Older, in fact, than he thought he was. Back in February, just before Gates' 100th birthday, his friends and family had planned a big celebration with a parade and lots of fanfare. But that month another daughter, June Vardiman, checking into her dad's Social Security records, discovered that Gates had been born in 1895 and not 1900 as he had thought. Gates took the news philosophically. After all, what's five more years when you're already at the tippy-top of the longevity charts?

"It must be true," concedes Gates, explaining that he grew up in rural Mississippi, one of 10 children, and the record of who begat whom and the pertinent dates were inscribed in the family Bible. "A preacher borrowed that Bible," says Gates, "and the bastard never brought it back." So the records were lost -- to the family, anyway. Uncle Sam kept track, however.

So Gates kept on, living throughout the 20th century and at the cusps of two others.
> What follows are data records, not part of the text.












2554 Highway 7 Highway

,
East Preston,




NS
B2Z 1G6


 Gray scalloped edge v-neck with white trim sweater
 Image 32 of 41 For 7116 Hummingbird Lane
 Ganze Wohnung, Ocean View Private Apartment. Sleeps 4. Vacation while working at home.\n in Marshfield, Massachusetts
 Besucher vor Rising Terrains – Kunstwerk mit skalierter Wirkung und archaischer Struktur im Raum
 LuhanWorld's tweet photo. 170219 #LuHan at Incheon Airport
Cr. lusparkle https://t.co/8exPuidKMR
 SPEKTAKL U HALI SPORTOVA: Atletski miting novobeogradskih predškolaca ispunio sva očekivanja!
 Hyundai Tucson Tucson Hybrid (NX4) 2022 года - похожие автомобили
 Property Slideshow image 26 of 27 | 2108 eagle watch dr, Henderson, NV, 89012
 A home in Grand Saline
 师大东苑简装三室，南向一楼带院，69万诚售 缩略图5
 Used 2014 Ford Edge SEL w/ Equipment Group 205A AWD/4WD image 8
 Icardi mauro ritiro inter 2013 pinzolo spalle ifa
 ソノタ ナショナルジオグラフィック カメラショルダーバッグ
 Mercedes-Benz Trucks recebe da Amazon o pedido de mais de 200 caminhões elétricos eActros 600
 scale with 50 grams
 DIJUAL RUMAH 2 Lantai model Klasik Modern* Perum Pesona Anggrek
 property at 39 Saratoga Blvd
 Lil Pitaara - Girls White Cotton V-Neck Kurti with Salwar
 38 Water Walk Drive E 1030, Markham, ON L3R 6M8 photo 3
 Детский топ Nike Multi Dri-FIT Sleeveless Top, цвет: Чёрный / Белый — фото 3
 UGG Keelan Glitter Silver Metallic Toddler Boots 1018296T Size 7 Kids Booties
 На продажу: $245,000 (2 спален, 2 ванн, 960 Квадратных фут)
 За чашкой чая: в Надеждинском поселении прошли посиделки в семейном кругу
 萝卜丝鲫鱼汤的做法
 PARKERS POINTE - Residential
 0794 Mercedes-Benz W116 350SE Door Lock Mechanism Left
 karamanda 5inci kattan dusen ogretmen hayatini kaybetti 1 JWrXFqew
On Feb. 28, the 105th anniversary of his nativity, he was given a parade in East St. Louis, which lasted two hours and, with a caravan of 30 cars, ended up at the lounge. Many stayed for drinks and carried on until the early hours. "I rode in a white limousine from one of Carl Officer's funeral parlors. It was first-class all the way," says Gates, "the best time I ever had in my life." And that's saying a lot.

"The parade was beautiful," says East St. Louis Police Chief J.W. Cowan. "We left the police department here, where he worked for a number of years, and made our way out to his place. Mr. Gates did have exemplary service while he was here, and it was an honor and a pleasure to have one of our police officers return at a ripe old age like that. As you know, most of the old guard are gone."

On a subsequent visit to the Golden Garden Country Club, Gates' step has lost its hitch. The bad toe has stopped being angry. Turns out he was wearing his shoes too tight, so his daughter Sandra took him to the shoe store and got him a new pair of comfy shoes. That fixed the problem. "They give me a really nice walk," says Gates, beaming.